Return only the lines running from the one that contains "2* 호스텔 Alessandro Palace & Bar" through the end of the entries, exactly, both ends included. Omit pictures.

=-=-=

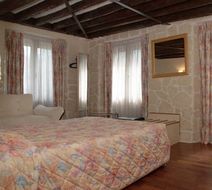 Hauteville Opera Hotel Room
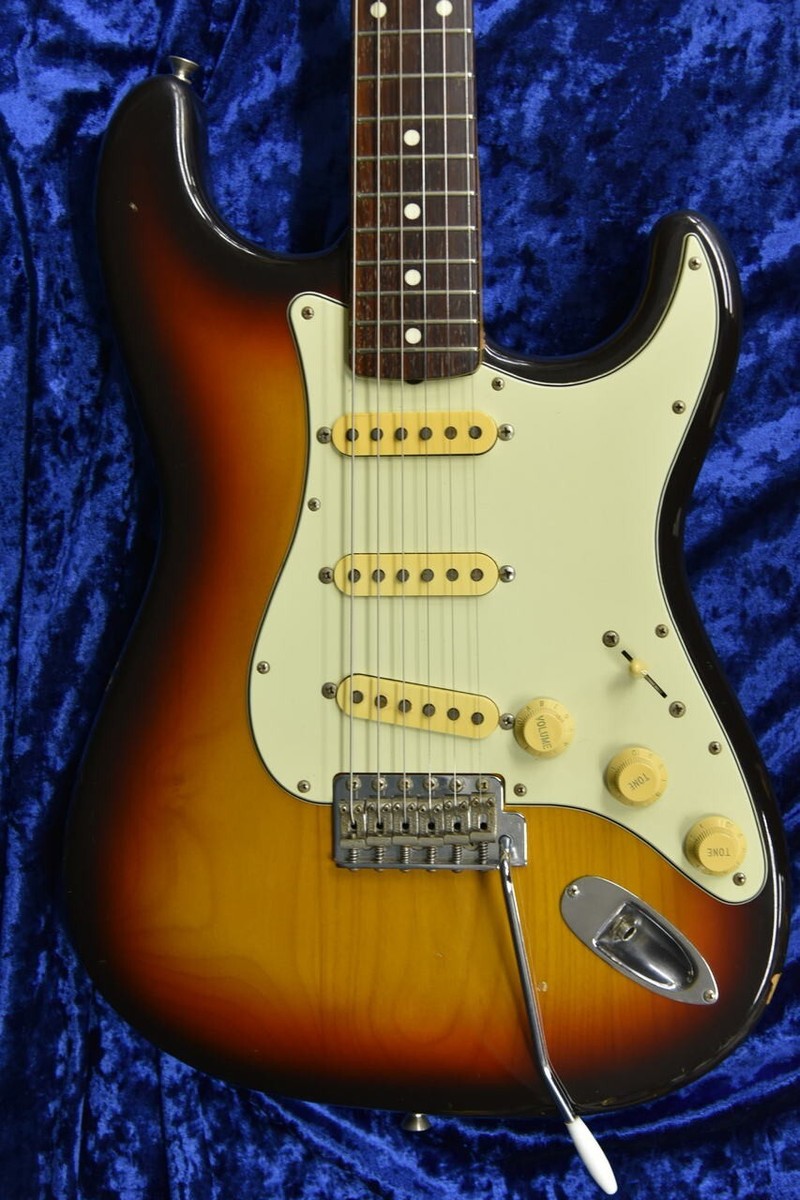 Fender Japan Stratocaster ST62-TX Electric Guitar Crafted in Fender Japan Stratocaster ST62-TX Electric Guitar Crafted in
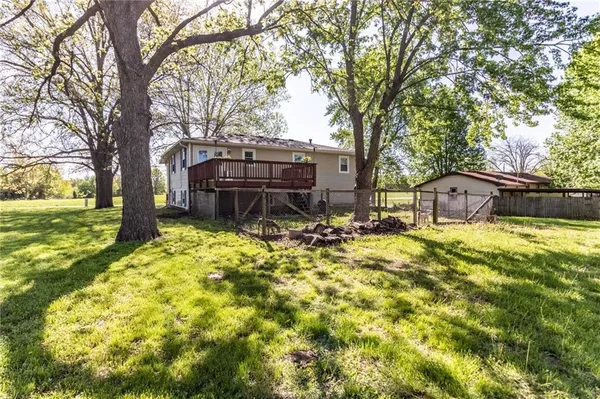 $205,000 | 305 North Street, Windsor, MO 65360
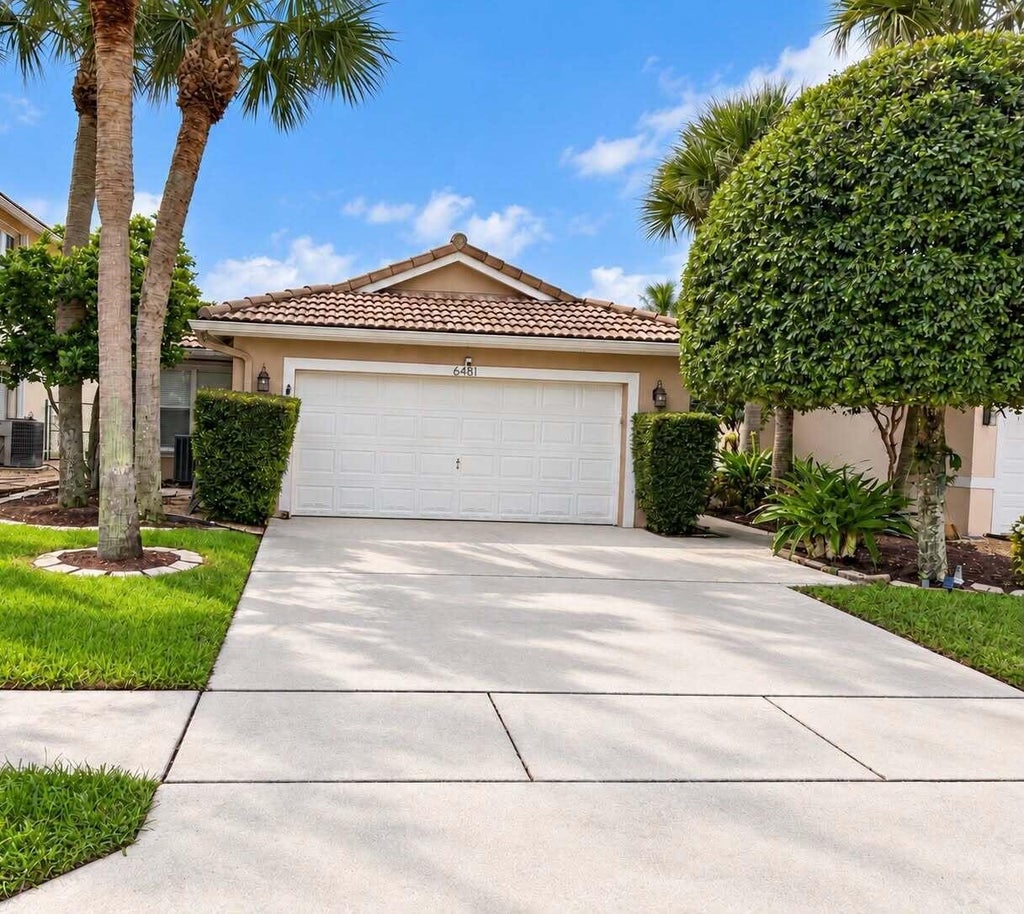 Photo of 6481 Willoughby Circle, Lake Worth, FL 33463 (MLS # B26079784)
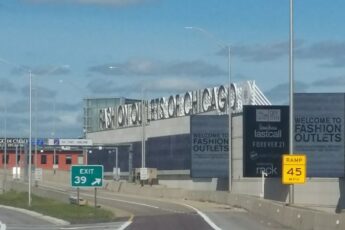 Fashion Outlets of Chicago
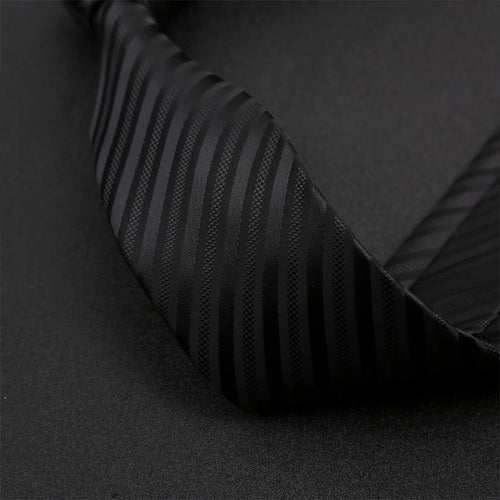 Black detailed tie
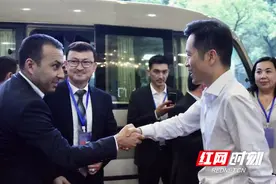 刘扬会见中亚国家工会干部研修班学员图片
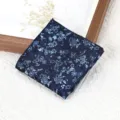 Gedetailleerd overzicht van een donkerblauwe heren-pochet met retro bloemenprint. - Egeïsche Golf Marineblauw Borstzakdoek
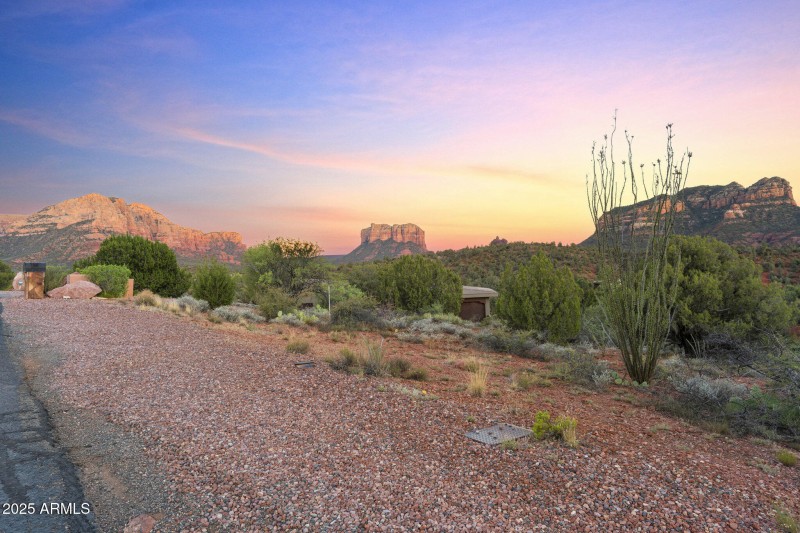 Red Rock View Presence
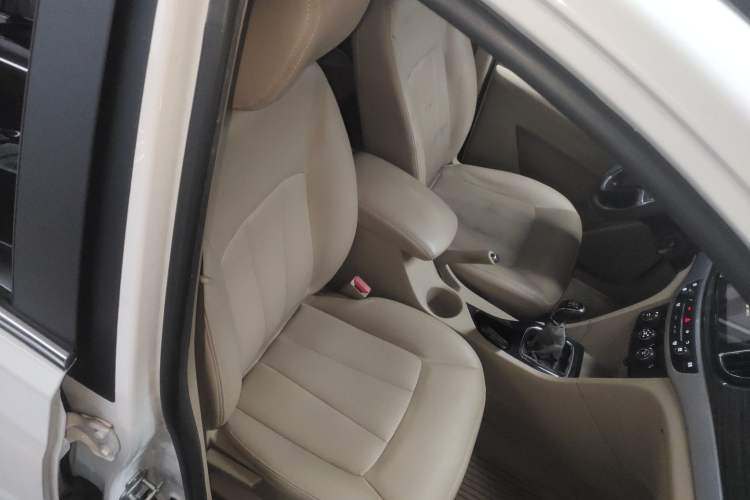 Used Baojun 730 2016 1.5L Manual Comfort Version 7 Seats China V Emission Standard
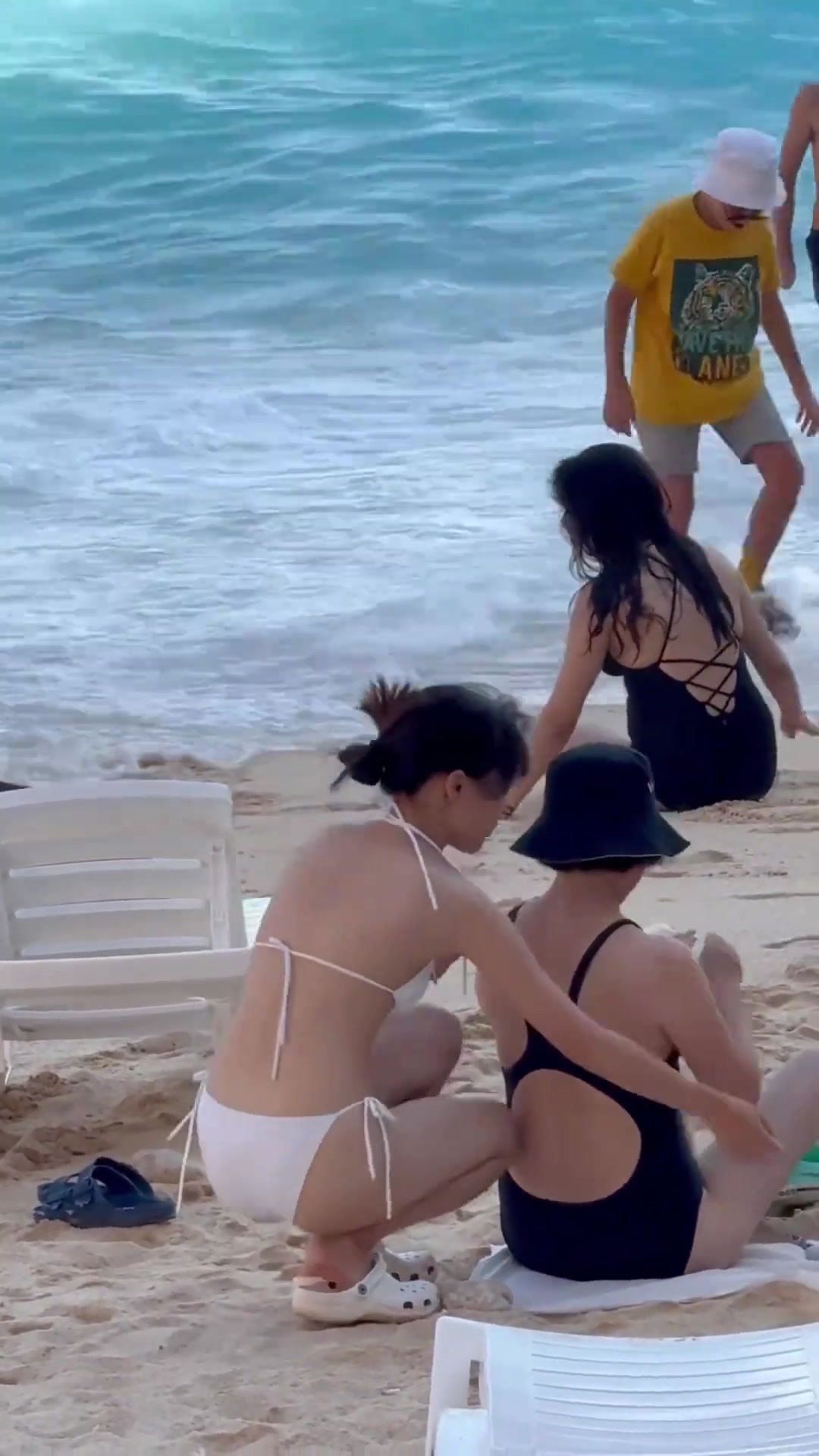 今天风这么大，小姐姐不会着凉吧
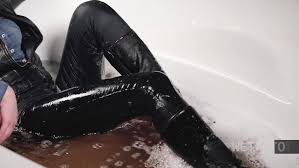 Fluidr makes it easy to view photos and videos on flickr using continuous pagination which essentially means that you can view hundreds of photos and videos without ever having to click on a 'next' link. Brunette Girl In Tight Jeans Overall And Jacket Gets Completely Wet In Bath Wetfoto Com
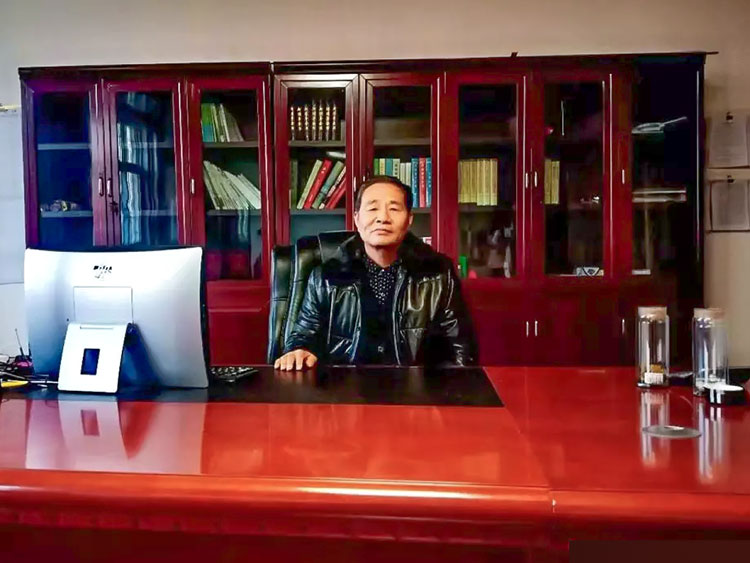 ?唐河育才實驗學校校長朱新敬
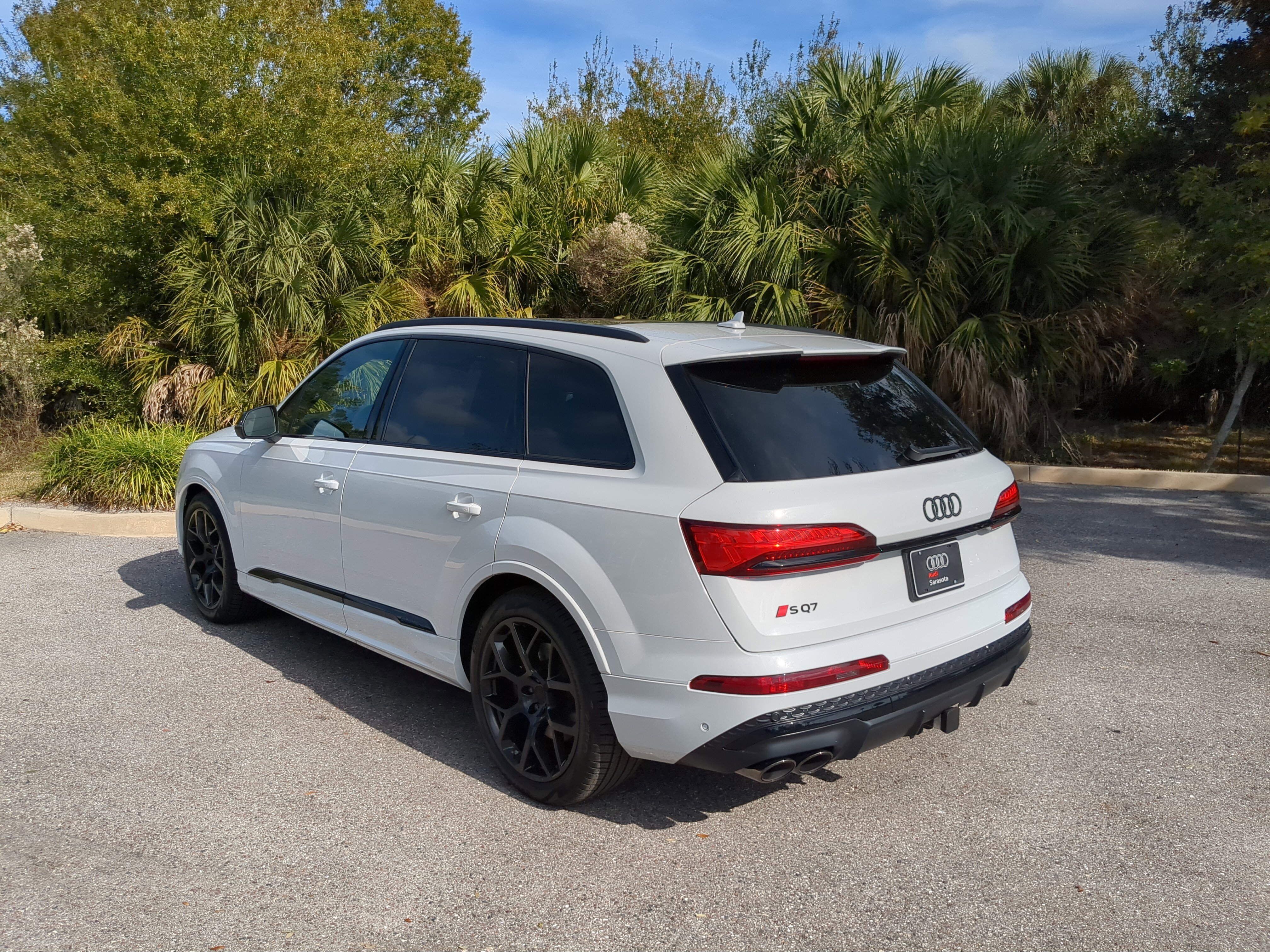 New 2026 Audi SQ7 Premium Plus image 6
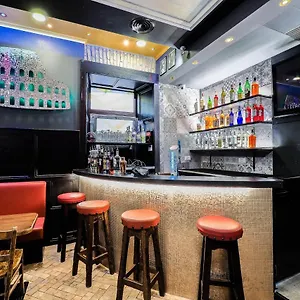 2* 호스텔 Alessandro Palace & Bar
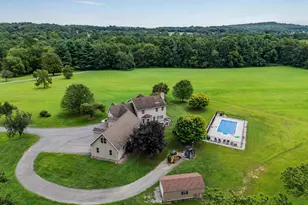 392 Peach Glen Rd, Gardners, PA 17324 - Photo 3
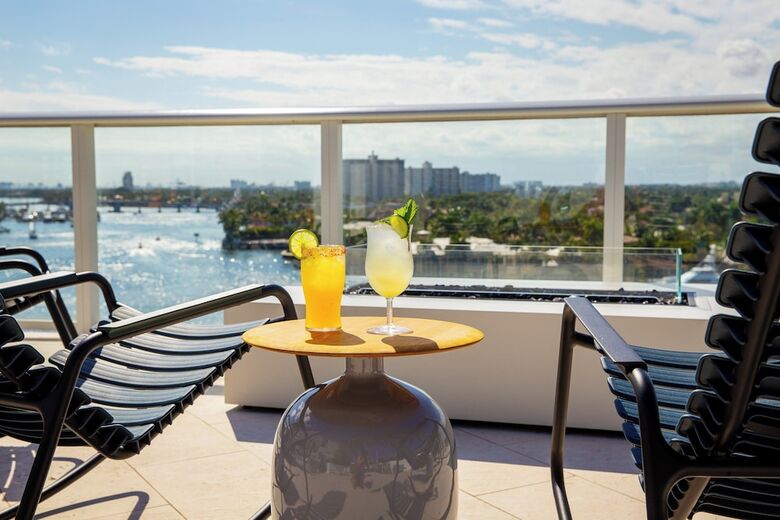 Hotel Kimpton Shorebreak Fort Lauderdale Beach Resort By Ihg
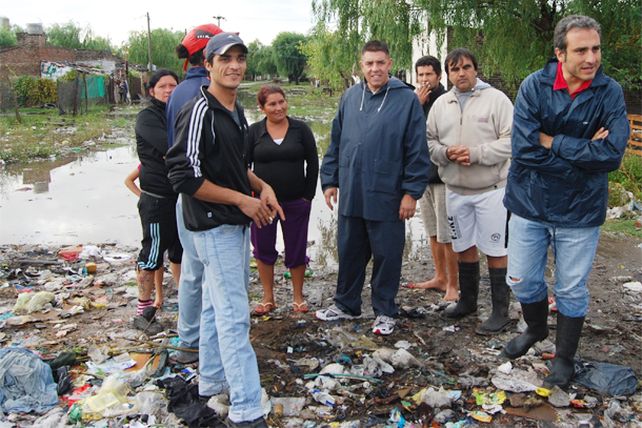 Cachi Martínez recorrió las zonas afectadas por las lluvias en la capital provincial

=-=-=

§ Your solution
 2* 호스텔 Alessandro Palace & Bar
 392 Peach Glen Rd, Gardners, PA 17324 - Photo 3
 Hotel Kimpton Shorebreak Fort Lauderdale Beach Resort By Ihg
 Cachi Martínez recorrió las zonas afectadas por las lluvias en la capital provincial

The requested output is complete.